In July the regiment proceeded to Ireland, where it only remained a few days, before it received orders to embark for Canada, to reinforce the British troops in that country in consequence of the war between Great Britain and the United States. The regiment embarked from Cork, on the 31st of August, under Major MacGregor, and, arriving in Lower Canada in November, was stationed at Quebec.
1814
Lieut.-General the Honorable Sir Galbraith Lowry Cole, K.B., was appointed Colonel of the SEVENTIETH regiment, from the 103rd foot, in January, 1814, in succession to General the Earl of Suffolk, who was removed to the forty-fourth regiment.

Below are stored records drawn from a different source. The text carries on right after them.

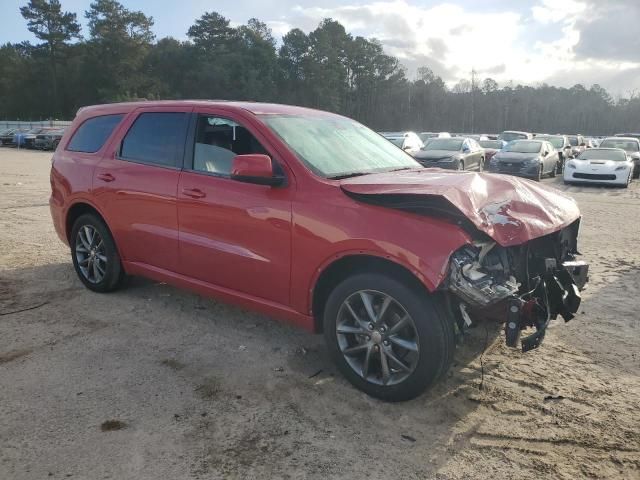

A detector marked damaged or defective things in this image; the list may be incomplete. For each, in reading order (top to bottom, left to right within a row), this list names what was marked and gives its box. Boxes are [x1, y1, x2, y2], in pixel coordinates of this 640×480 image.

crumpled hood [340, 168, 580, 246]
damaged front end [444, 219, 592, 350]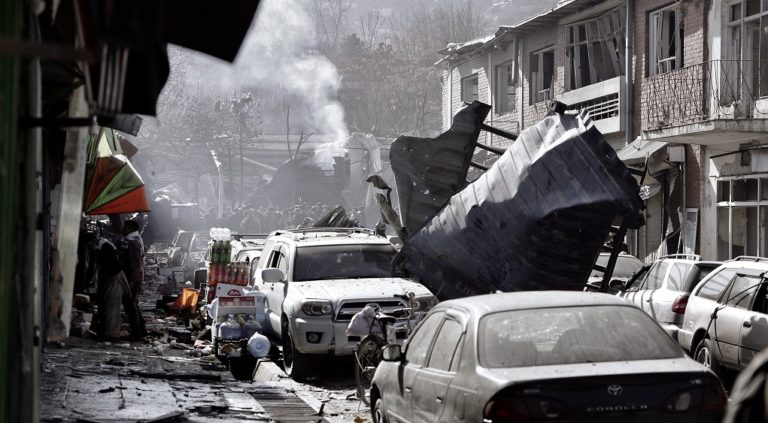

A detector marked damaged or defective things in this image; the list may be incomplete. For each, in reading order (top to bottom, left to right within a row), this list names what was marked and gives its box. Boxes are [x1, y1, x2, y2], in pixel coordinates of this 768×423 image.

broken window [462, 74, 480, 103]
broken window [498, 60, 516, 114]
broken window [528, 47, 552, 103]
broken window [564, 6, 624, 90]
broken window [652, 4, 680, 76]
broken window [728, 0, 768, 102]
damaged building [438, 0, 768, 262]
damaged white suv [254, 229, 438, 380]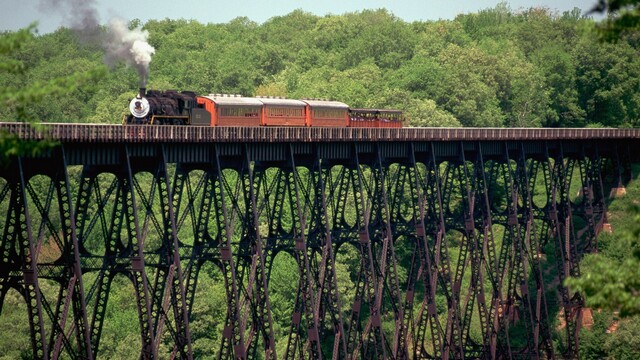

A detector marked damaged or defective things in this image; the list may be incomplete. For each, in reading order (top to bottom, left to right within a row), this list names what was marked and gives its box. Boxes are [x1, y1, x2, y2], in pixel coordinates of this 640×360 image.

rusty steel structure [0, 123, 636, 358]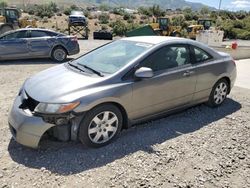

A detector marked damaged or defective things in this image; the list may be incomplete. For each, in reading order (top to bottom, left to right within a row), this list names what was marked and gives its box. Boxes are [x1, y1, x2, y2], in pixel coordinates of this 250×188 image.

car's front end damage [8, 86, 82, 148]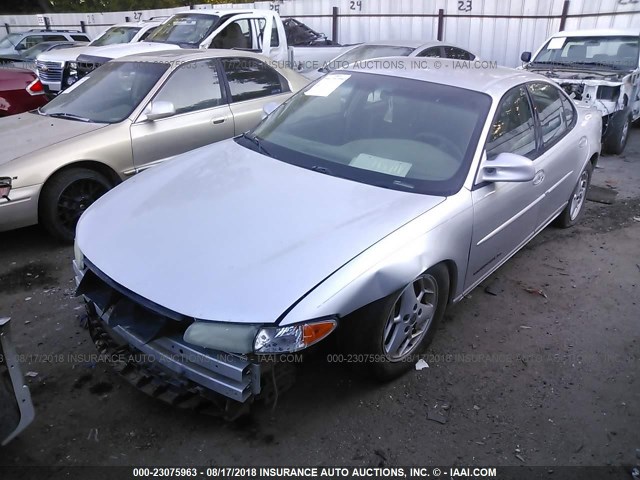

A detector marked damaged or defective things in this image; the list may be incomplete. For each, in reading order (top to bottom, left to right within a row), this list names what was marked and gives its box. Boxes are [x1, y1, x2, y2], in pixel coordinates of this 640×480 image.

broken fender panel [0, 316, 34, 446]
damaged front bumper [73, 256, 264, 410]
exposed headlight housing [252, 316, 338, 354]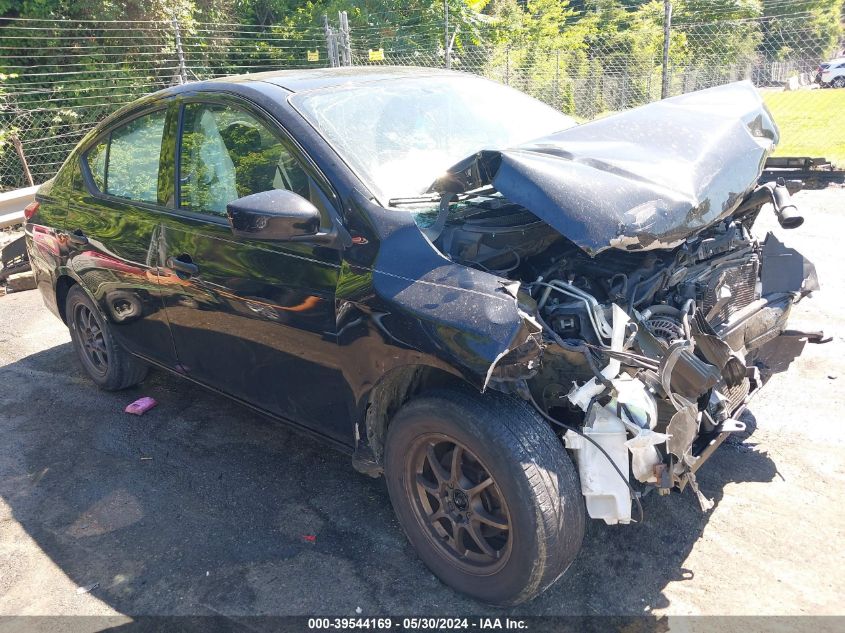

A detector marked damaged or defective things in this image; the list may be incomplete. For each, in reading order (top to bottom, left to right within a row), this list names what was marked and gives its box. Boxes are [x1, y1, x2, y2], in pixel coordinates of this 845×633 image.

severely damaged car [24, 66, 816, 604]
crumpled hood [436, 81, 780, 254]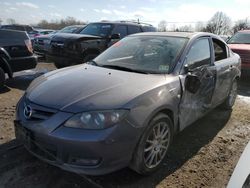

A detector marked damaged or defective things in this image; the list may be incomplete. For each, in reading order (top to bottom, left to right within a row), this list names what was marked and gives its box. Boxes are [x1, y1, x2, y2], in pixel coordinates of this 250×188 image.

crumpled hood [25, 64, 168, 112]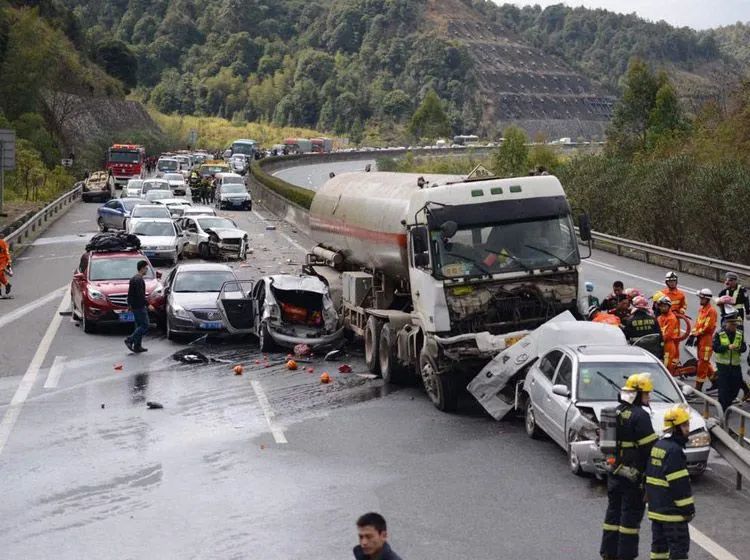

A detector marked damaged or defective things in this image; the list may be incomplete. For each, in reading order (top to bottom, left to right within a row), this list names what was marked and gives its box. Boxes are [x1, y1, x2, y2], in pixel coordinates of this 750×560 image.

broken windshield [428, 215, 580, 278]
wrecked silver sedan [216, 274, 346, 350]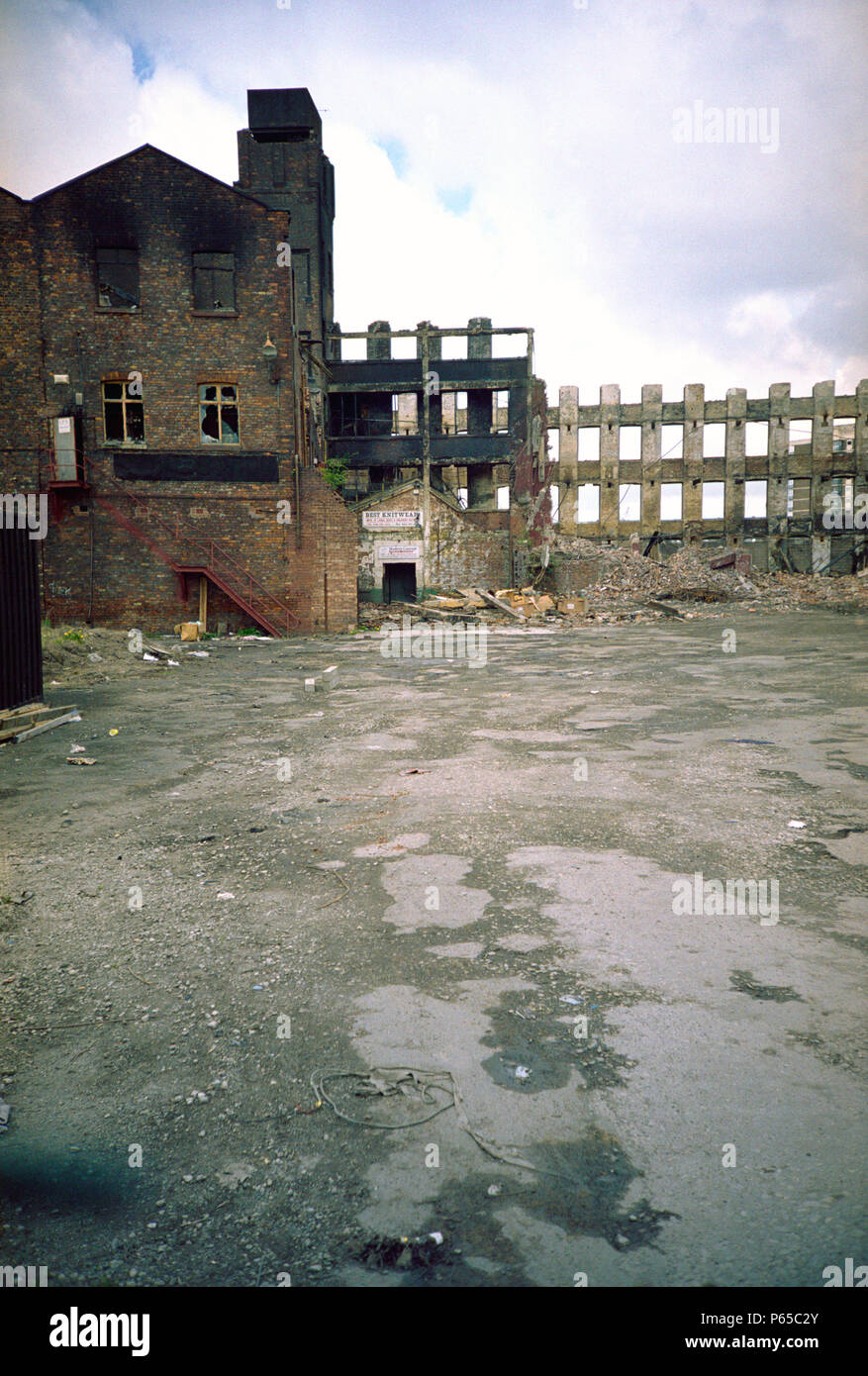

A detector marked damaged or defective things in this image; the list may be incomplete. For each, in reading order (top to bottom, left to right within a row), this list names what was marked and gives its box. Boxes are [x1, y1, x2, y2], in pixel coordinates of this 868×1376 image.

broken window [95, 250, 140, 313]
broken window [192, 253, 236, 313]
broken window [104, 380, 146, 443]
broken window [196, 384, 238, 443]
broken window [491, 390, 511, 434]
broken window [578, 428, 598, 465]
broken window [622, 426, 641, 463]
broken window [661, 422, 681, 459]
broken window [697, 422, 724, 459]
broken window [744, 420, 764, 457]
broken window [578, 487, 598, 527]
broken window [622, 487, 641, 527]
broken window [661, 481, 681, 519]
broken window [697, 477, 724, 515]
broken window [740, 477, 760, 515]
damaged doorway [382, 566, 416, 602]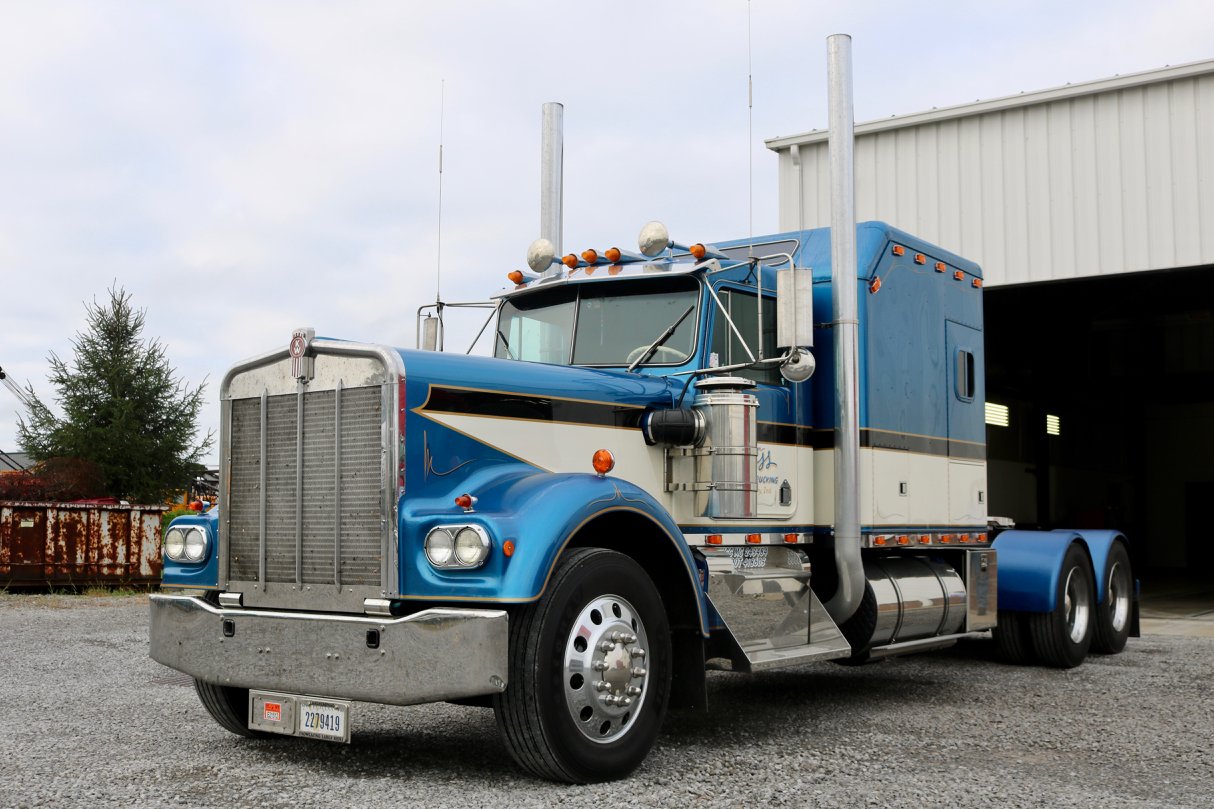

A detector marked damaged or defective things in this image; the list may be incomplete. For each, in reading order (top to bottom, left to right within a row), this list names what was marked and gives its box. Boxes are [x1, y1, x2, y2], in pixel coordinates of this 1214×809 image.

rusty metal container [0, 498, 166, 585]
rusty dumpster [0, 498, 166, 585]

After performing garrison duty at Quebec eight months, the regiment proceeded to Montreal, from whence it was removed to Cornwall in Upper Canada, and in August it was brigaded with the ninth, sixteenth, and fifty-seventh, under Colonel Grant, on the line of communication from Montreal to Kingston in Upper Canada.
1815
Peace was concluded with the United States in 1815, and in June of that year the SEVENTIETH regiment was ordered to proceed to Kingston.
1816
Lieut.-General Sir G. Lowry Cole was removed to the thirty-fourth regiment in May, 1816, and was succeeded in the colonelcy of the SEVENTIETH by Lieut.-General Forbes Champagné, from colonel-commandant of a battalion of the Rifle Brigade.
During this year the regiment remained at Kingston, and Lieut.-Colonel Thomas Evans, C.B., assumed the command in August.